The example shown in FIG. 2c reveals an up and an opposite down curvature. The purpose of this second, opposite curvature is to reduce the risk of a longitudinal curvature being annealed into the ribbon. The same objective can also be achieved if a curvature (up or down) is followed by a straight section of the annealing channel of at least the same length as the curved section. Furthermore, the curvature radius R should preferably exceed about 1 meter in order to keep any potential curvature induced in the ribbon at a minimum level. Obvious modifications of the arrangement shown in FIG. 2 may reveal further up and/or down curvatures and further improve the heat transfer into the ribbon.
FIG. 2c gives a detailed view of the curved channel. Each curvature is characterized by a length X and a height Y for the lower part 33 and a height Y+Z for the upper part 32 of the fixture and vice versa if the curvature shows downwards. The curved parts, for example, form the segments of a circle with radius R and R+Z, respectively. The latter is preferable in terms of the ease in machining the fixtures. However, the curved parts may also take different shapes, for example, as defined by a sine wave. The curved sections may be separated by a distance A, for example, for the purpose of ease of mechanical machining and mounting the fixture parts together.

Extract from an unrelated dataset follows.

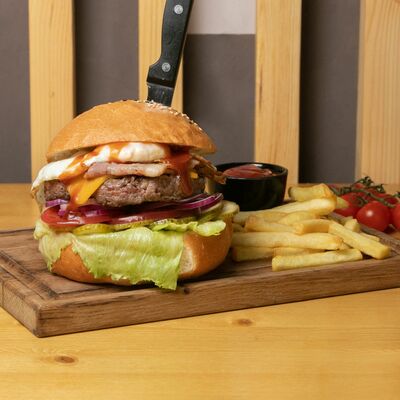 Бургер Континенталь в Мясной ресторан Just Meat по цене 510 ₽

The curvatures shown in FIG. 2c are exaggerated for illustration purposes. In reality the curvature is very smooth. The reasons for such a smooth curvature include:
(1) to avoid too much friction between the ribbon;
(2) to keep any potential curvature induced in the ribbon at a minimum level; and/or,
(3) to facilitate loading of the annealing fixture with the ribbon.
Therefore the ratio of curvature height Y and curvature length X i.e. Y/X should be chosen much smaller than one, preferably Y/X<0.05. Typical dimensions are a curvature length (X) of 100 mm to 500 mm and curvature height (Y) of about 1 mm to 10 mm. Accordingly the curvature radius R preferably lies above about 1 m and may range to several meters. In order to provide the desired contact between the ribbon 10 and the walls of the annealing fixture 32, 33 in the annealing channel 31 the height Y of curvatures is desirably chosen to be larger than the height Z of the annealing channel. Preferably Y/Z is larger than about 2 which means that the ribbon is in close contact with the fixture along about at least 30% of the curvature length X.

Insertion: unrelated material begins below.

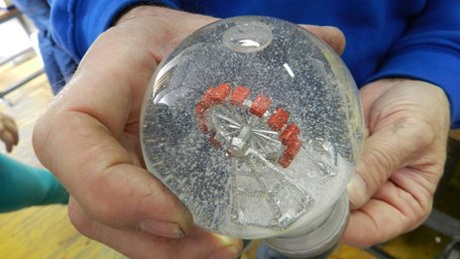 Nguyên liệu chế tạo quả cầu tuyết vẫn là một bí mật của gia đình Erwin Perzy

A typical material for the annealing fixture is made of steel. For ferromagnetic ribbons “non-magnetic”, stainless steel is preferable in particular if magnetic fields are applied during annealing. However alternative materials with reasonable heat conductivity may be used, for example, some ceramics. The latter is necessary if an electric current is flowing through the ribbon during annealing, as for example described in U.S. Pat. No. 5,757,272.
Annealing experiments were performed in a 2.5 m long oven heated to 350° C. The oven was surrounded by magnets which produced a magnetic field of about 2500 Oe perpendicular to the axis and to the plane of the heated ribbon as described in full detail in U.S. Pat. No. 6,011,475. Furthermore a tensile stress was applied during annealing. The tensile force was adjusted in a feedback process as described in PCT application WO 00/09768 in order to achieve a pre-determined value of the induced magnetic anisotropy field Hk of about 6 Oe, which determines the basic magnetic characteristics of the material. The material investigated was a 6 mm wide and 20-30 μm thick amorphous ferromagnetic alloy ribbon having the composition Fe24Co12Ni46.5Si1.5B16. The annealed material serves as a marker for electronic article surveillance.
The annealing fixture had a total length of L=3000 mm, a width of 22 mm and a height 18 mm. If not noted otherwise, the annealing channel 31 (cf. FIG. 2a) had rectangular cross-section with a width W of 6.2 mm and a height Z of 0.5 mm.
Various configurations of annealing fixtures as listed in table I have been investigated:
1. Comparative fixture C1: In one set of comparative experiments according to the prior art, the annealing channel 31 was straight all along the fixture like shown in FIG. 2d.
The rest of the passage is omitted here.